# Assignment:
Print the data exactly. Omit the pictures.

# Information provided:
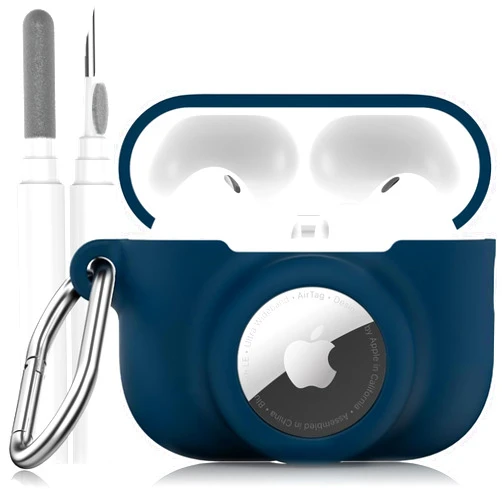 LDSXAY 2 in 1 Silicone Case Compatible with AirPods Pro 3 and AirTag 2/1, Shockproof Protective Case Cover for AirPods Pro 3rd Generation 2025 with Cleaner Kit & Carabiner (Dark Blue)
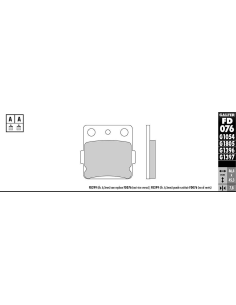 Plaquettes de frein GALFER G1054TT organique semi métal TT FD076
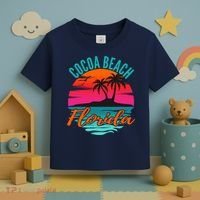 Cocoa Beach Florida Palm Tree Island Pink Sunset Toddler T-Shirt thumb 3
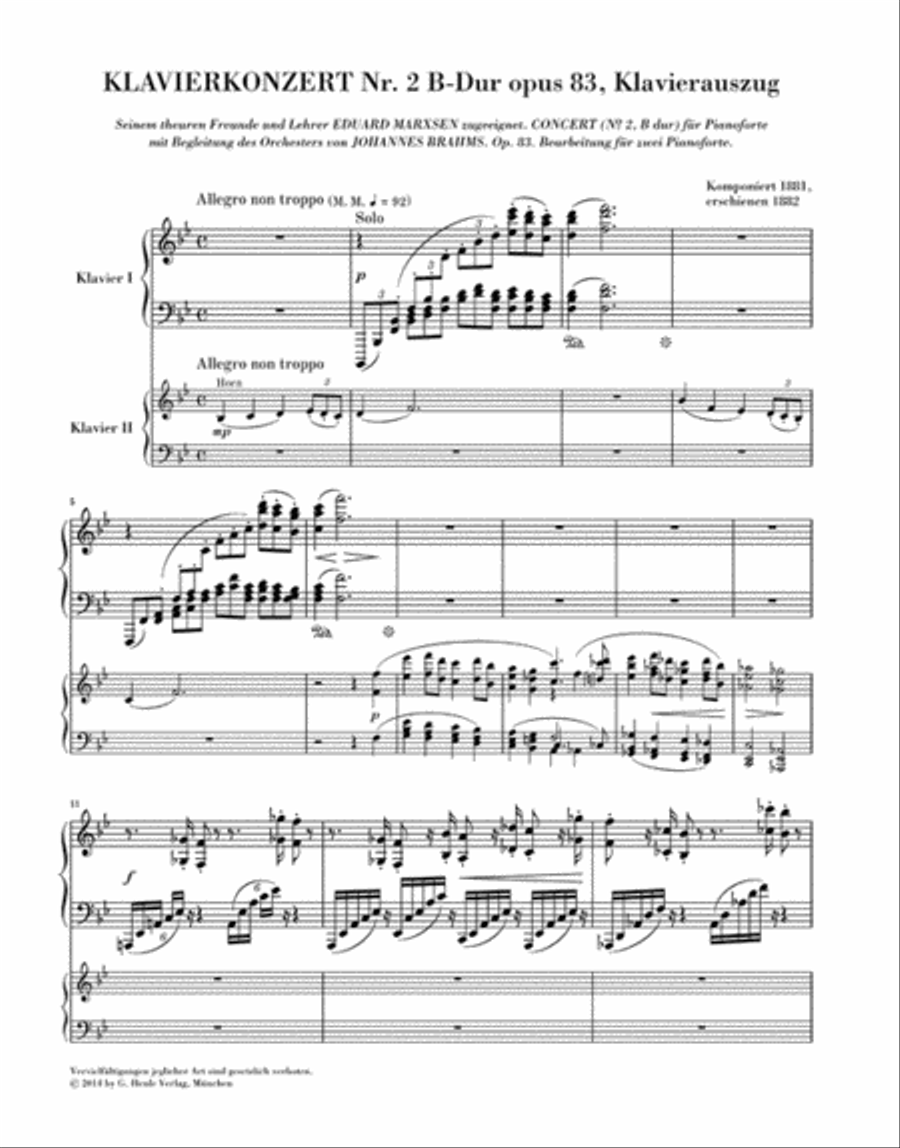 Piano Concerto No. 2 in B-flat Major, Op. 83 Piano Reduction Piano Solo scores gallery preview page 2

# Finished exercise:
 LDSXAY 2 in 1 Silicone Case Compatible with AirPods Pro 3 and AirTag 2/1, Shockproof Protective Case Cover for AirPods Pro 3rd Generation 2025 with Cleaner Kit & Carabiner (Dark Blue)
 Plaquettes de frein GALFER G1054TT organique semi métal TT FD076
 Cocoa Beach Florida Palm Tree Island Pink Sunset Toddler T-Shirt thumb 3
 Piano Concerto No. 2 in B-flat Major, Op. 83 Piano Reduction Piano Solo scores gallery preview page 2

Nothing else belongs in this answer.